A comprehensive definition of information security governance is: Information security governance is the practice of securing information and managing cyber risks to protect any kind of information required for effective working of the organization, in compliance with the information security policy and risk management strategy.
Importance of securing organizational information
Information security is an important part of enterprise-level security governance. It interacts with information technology (IT) operations, IT projects, and IT governance, where IT operations are considered current state of IT and IT projects are considered future state of IT.
Figure 1 demonstrates the basic structure of information security governance in an organization. At the top-level of the enterprise exists corporate governance, which evaluates the standards and policies. It also directs the middle- and low-level management consisting of: IT governance, information security, IT operations, and IT projects. On the contrary, the bottom-up approach monitors the governance activities for the corporate governance.
Overall, information security governance performs following activities:
- Promotes valuable information security practices with a clear direction from top to bottom
- Controls the risk appetite of the enterprise by considering different domains, such as legal, finance, information technology, and regulatory compliance
- Creates an overall information security activity that reflects organization’s needs and risk appetite levels
- Monitors corporate governance policies and standards for managing information security governance standards
Characteristics of effective information security governance
Effective information security governance has several characteristics, such as: involving appropriate organizational personnel, a governance framework, risk management, deliverables, and tackling changing risk levels.
- Appropriate organizational personnel: Appropriate organizational personnel includes: a board of directors, executive management, business managers, and internal auditors. These personnel are involved in designing governance policies, implementing them throughout the organization, and performing internal auditing so compliance with governance standards can be validated. These individuals lead from the front to: provide an insight into the corporate culture, provide leadership, and dedicate resources; while also contributing to the implementation of information security activities, validating them, and recommending improvements.

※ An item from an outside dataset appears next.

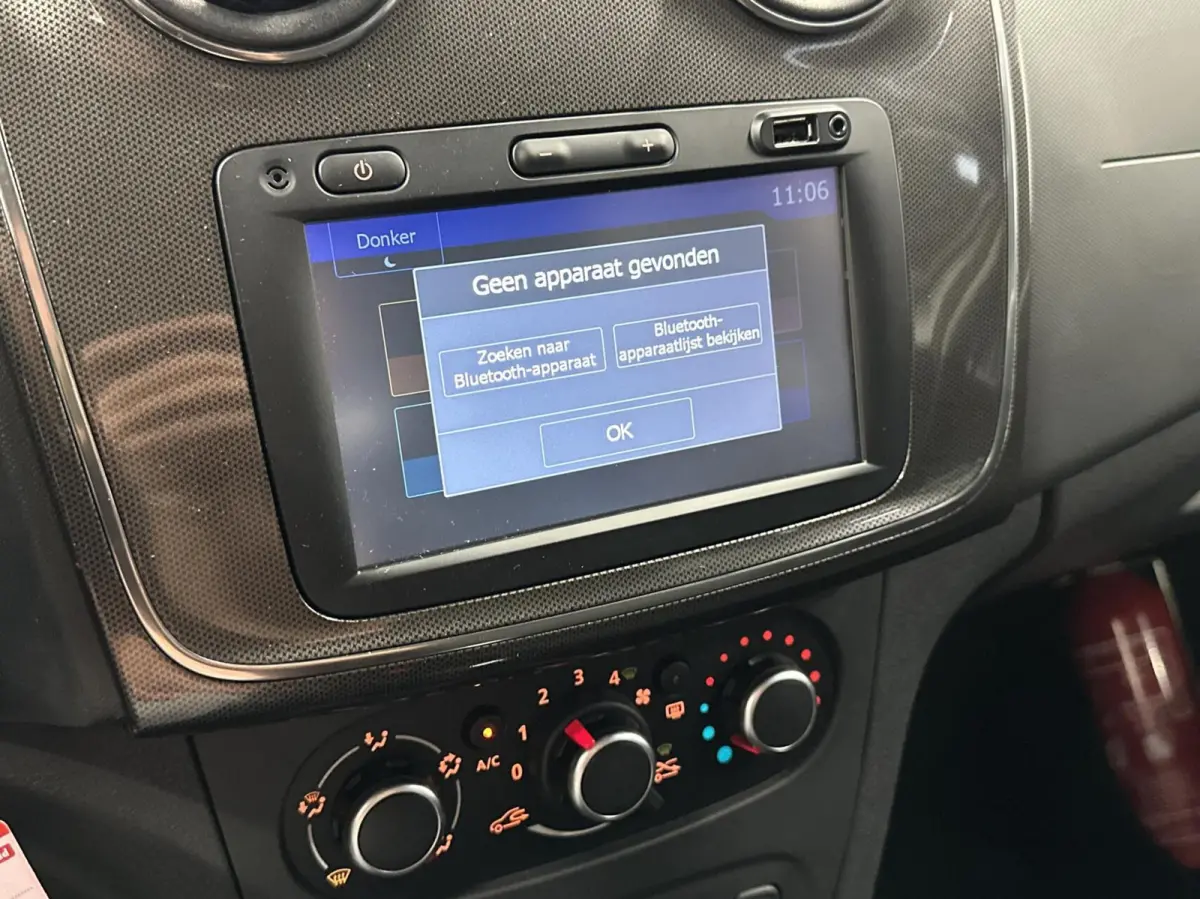 0.9 TCe SL AUTOMAAT TREKHAAK AIRCO NAVI CRUISE 64000 KM.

- Governance framework: A governance framework provides guidelines for the board of directors and executive management to develop an audit plan. These frameworks help the organization to operate in a structured, consistent, and effective manner – such that it can be explained easily to all stakeholders, regulatory agencies, service providers, and other parties in the business. Well planned governance frameworks can help guide future business changes and activities.
- Risk management: Like all business risks, technical risks are equally important. Deploying a risk management tool to analyze, assess, mitigate, monitor, and review risks is important to establish a threshold to tackle risks on time. Some of the risks are avoided, some are accepted, some are transferred, while the rest are mitigated. It all depends on the risk appetite policy of the organization. Since every organization has different risk levels and different financial resources to tackle risks, the mitigation measures vary. However, maintaining proper resources and finances to mitigate risks is the key for every organization.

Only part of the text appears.